» WHAT TO DO: The listing below should be printed exactly, though its pictures must not be.

» GIVEN INFORMATION:

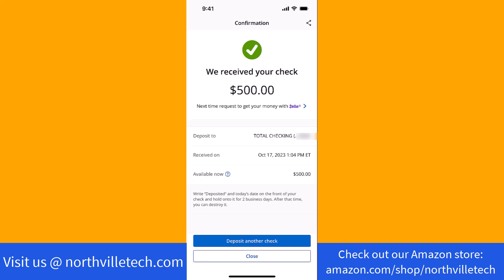And that's how you deposit a check using the Chase app. Thank you so much guys for watching, and if you have not yet subscribed to our YouTube channel, please subscribe as we create tech videos almost every day. Also, check out our website northvilletech.com for great tech articles and our recommended resources in the description below for various sign-up bonuses.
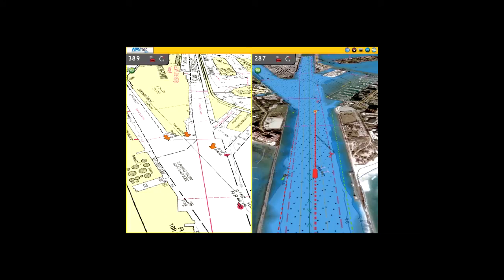A radar image can be overlaid onto the chart screen. Not only is this possible with conventional 2D chart format, but it can also be projected onto a 3D chart presentation.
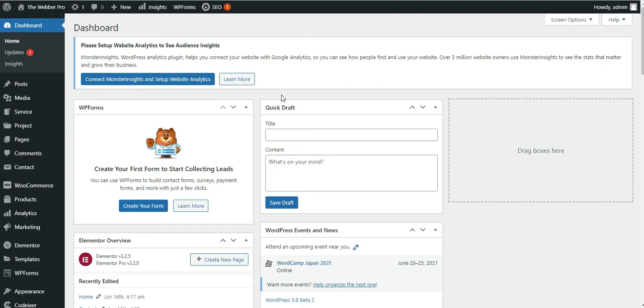Hello, what's up guys, my name is Hesant Farli and in this video I am going to show you how you can create a hamburger menu using Elementor and Elementor Pro.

» WORKED SOLUTION:
And that's how you deposit a check using the Chase app. Thank you so much guys for watching, and if you have not yet subscribed to our YouTube channel, please subscribe as we create tech videos almost every day. Also, check out our website northvilletech.com for great tech articles and our recommended resources in the description below for various sign-up bonuses.
A radar image can be overlaid onto the chart screen. Not only is this possible with conventional 2D chart format, but it can also be projected onto a 3D chart presentation.
Hello, what's up guys, my name is Hesant Farli and in this video I am going to show you how you can create a hamburger menu using Elementor and Elementor Pro.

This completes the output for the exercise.